Earlier this year, I may have found it. I was leafing through the back of an out-of-print book, a collection of runners’ biographies called “The Five Kings of Distance,” when I came across a three-page essay from 1908 titled “W. G. George’s Own Account From the 100-Up Exercise.” According to legend, this single drill turned a 16-year-old with almost no running experience into the foremost racer of his day.

I read George’s words: “By its constant practice and regular use alone, I have myself established many records on the running path and won more amateur track-championships than any other individual.” And it was safe, George said: the 100-Up is “incapable of harm when practiced discreetly.”

Could it be that simple? That day, I began experimenting on myself.

Last fall, at the end of a local 10-mile trail race, I surprised myself by finishing five minutes faster than I had four years ago, when I was in much better shape. I figured the result was a fluke — until it happened again. No special prep, awful travel schedule and yet a personal best in a six-mile race.

“I don’t get it,” I told Cucuzzella this past June when we went for a run together through the Shepherd University campus in Shepherdstown. “I’m four years older. I’m pretty sure I’m heavier. I’m not doing real workouts, just whatever I feel like each day. The only difference is I’ve been 100-Upping.”

It was five months since I discovered W.S. George’s “100-Up,” and I’d been doing the exercise regularly. In George’s essay, he says he invented the 100-Up in 1874, when he was an 16-year-old chemist’s apprentice in England and could train only during his lunch hour. By Year 2 of his experiment, the overworked lab assistant was the fastest amateur miler in England. By Year 5, he held world records in everything from the half-mile to 10 miles.

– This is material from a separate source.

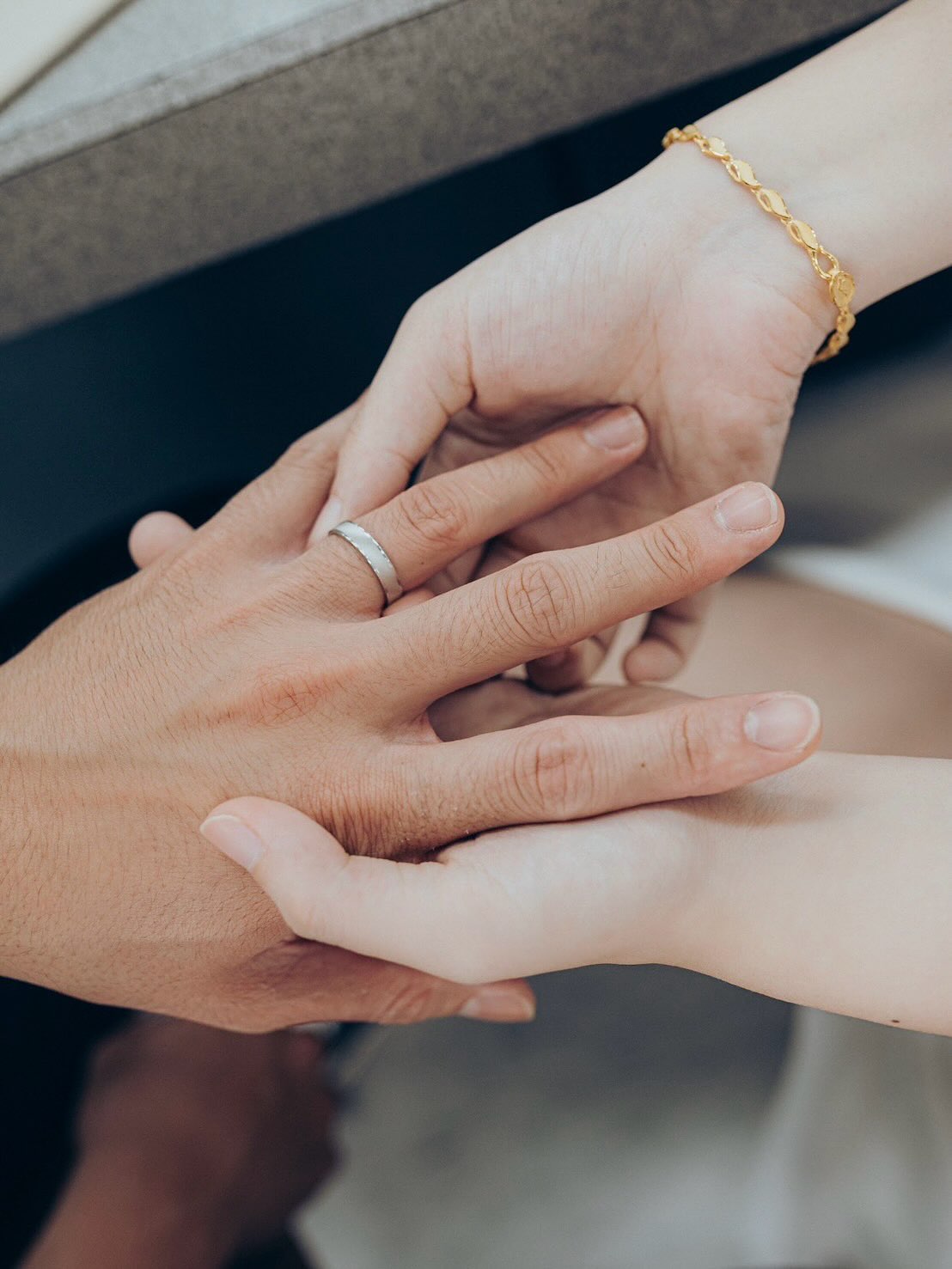 登記結婚新人牽手與婚戒細節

If you’re not familiar with George (I wasn’t up until this article), W. G. George set a record for the mile back in 1886 that wasn’t beaten for three decades, running the mile in a blazingly fast 4 minutes 12.75 seconds.

So what exactly is W.G. George’s 100-up exercise? Here’s McDougall describing it to Mark Cucuzella, a super fast runner, M.D., and exceedingly humble man hailing from West Virginia, where he runs a store dedicated to minimalist footwear:

Mark Cucuzzella was just as eager [to learn about the 100-Up]. “All right,” he said in the middle of our run. “Let’s get a look at this.” I snapped a twig and dropped the halves on the ground about eight inches apart to form targets for my landings. The 100-Up consists of two parts. For the “Minor,” you stand with both feet on the targets and your arms cocked in running position. “Now raise one knee to the height of the hip,” George writes, “bring the foot back and down again to its original position, touching the line lightly with the ball of the foot, and repeat with the other leg.”

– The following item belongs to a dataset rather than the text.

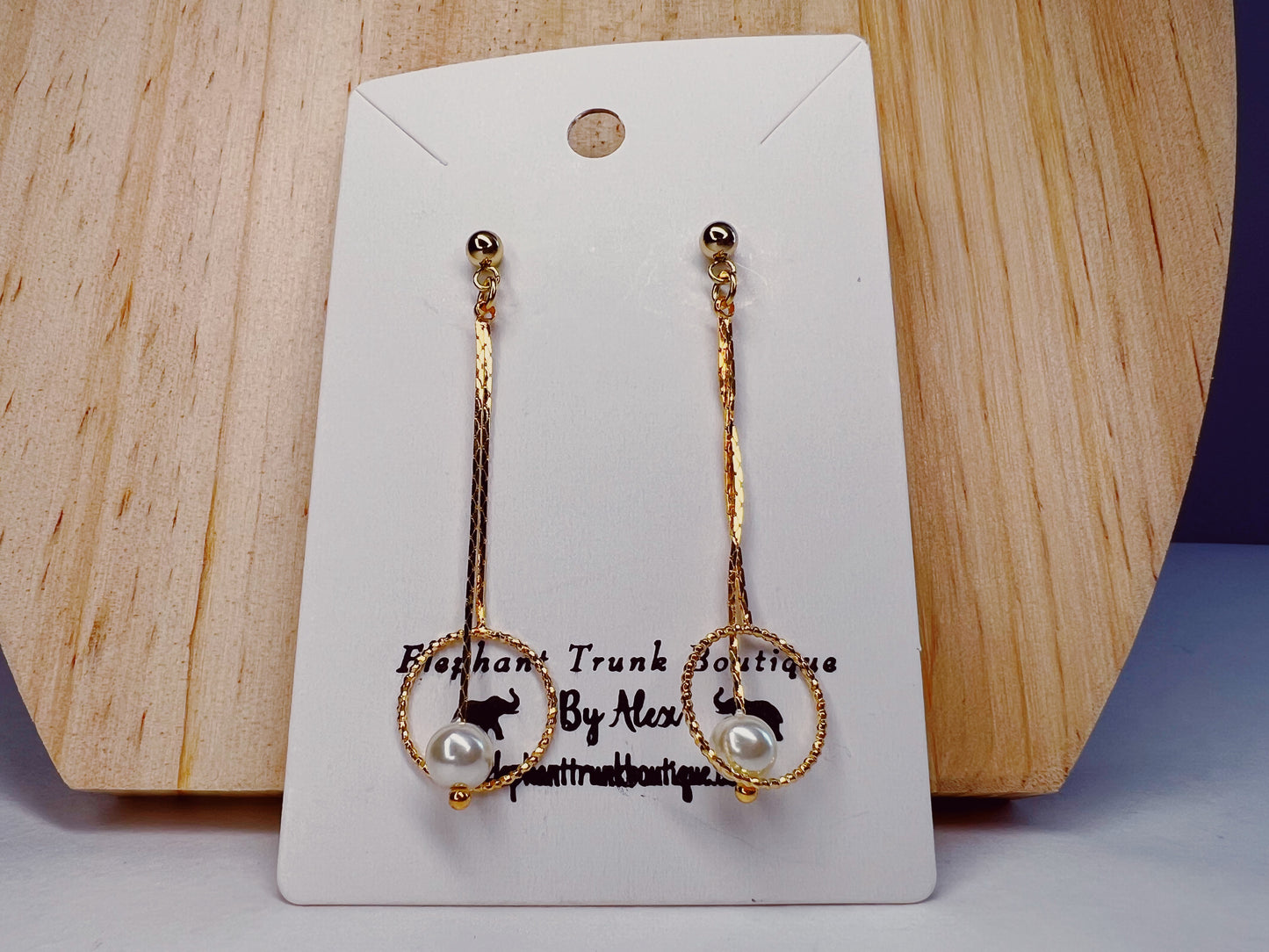 Dainty Pearl Dangle Earring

That’s all there is to it. But it’s not so easy to hit your marks 100 times in a row while maintaining balance and proper knee height. Once you can, it’s on to the Major: “The body must be balanced on the ball of the foot, the heels being clear of the ground and the head and body being tilted very slightly forward. . . . Now, spring from the toe, bringing the knee to the level of the hip. . . . Repeat with the other leg and continue raising and lowering the legs alternately. This action is exactly that of running.”

That’s it? Basically, yes. And since George did us a favor and committed to writing his full account of the drill (he believed in it’s power that much), I’ll be posting it later. For now, let’s take one more look at Chris McDougall’s article.

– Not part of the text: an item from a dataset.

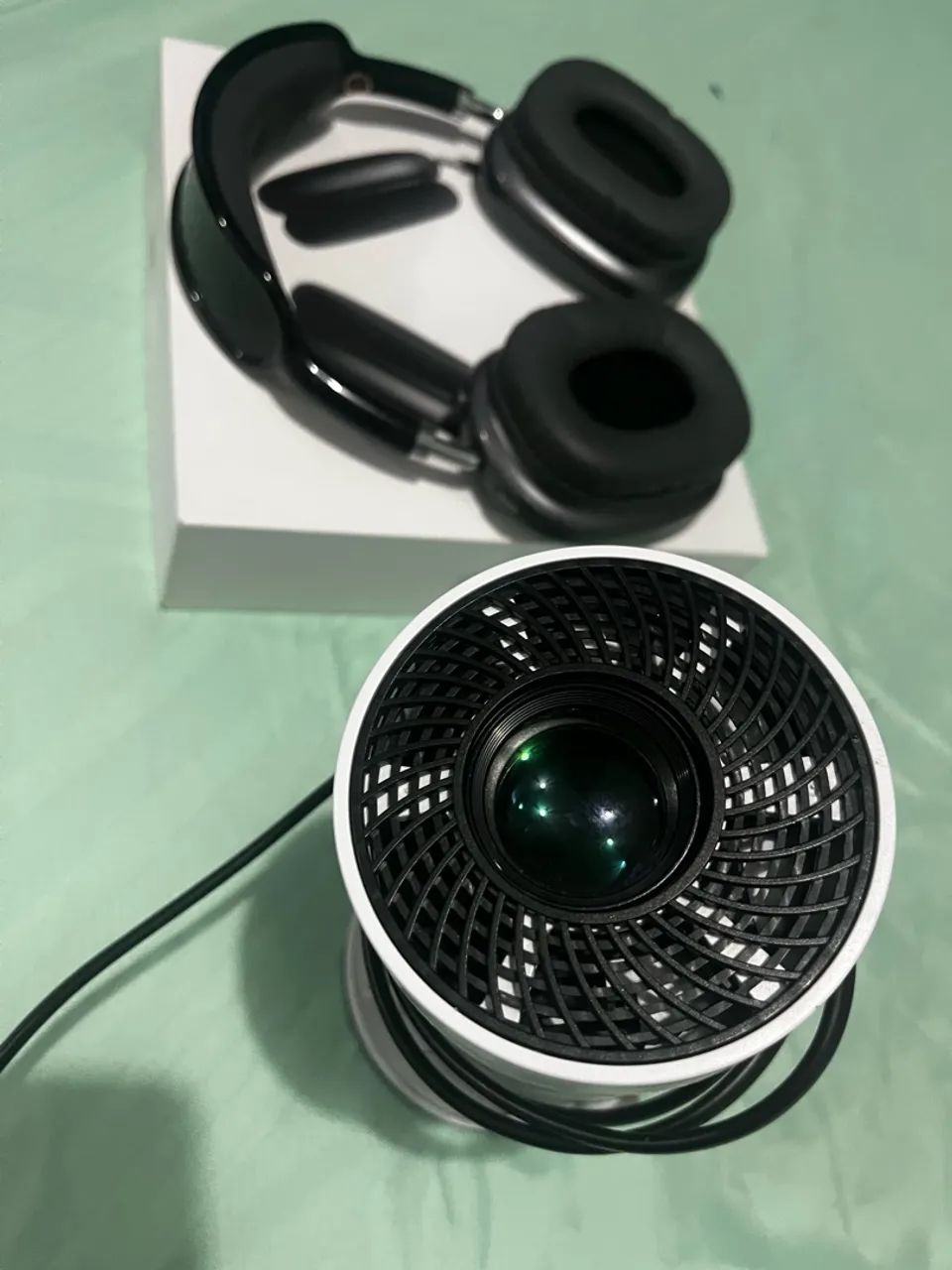 Fone e projetor - Foto 4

Specifically, let’s take a look at the video included in the article on how to do the Hundred-Up as you might have missed it (I did on first pass). Below McDougall and Peter Sarsgaard (the actor, director, and wait for it, minimalist/barefoot/natural running enthusiast) demo the 100-Up. Check it out:

3 Replies to “Christopher McDougall Demonstrates W. G. George’s Hundred-Up”

  1. The demo in the video for the “minor” does not seem to reflect George’s statement of learning the balance from the ‘Learn the 100-Up’ article:

    “repeat the raising and lowering of the leg ten to thirty times; and repeat with the other leg. Practically this amounts to balancing the body on one leg, while exercising the other.”

    I have a feeling teaching your body to balance on one leg while exercising the other is a key part to this. I’m going to try it the one leg at a time instead of both as in the video.

  2. Seret, this directions belong to the preliminary exercise. The proper way to do 100up is “Raise one knee to the height of the hip, and bring the foot back and down again to its original position, touching the line lightly with the ball of the foot and repeat with the other leg. Continue raising and lowering the legs alternately” page 44
    So the exercise is properly done in the video, even it lacks the “preparation phase”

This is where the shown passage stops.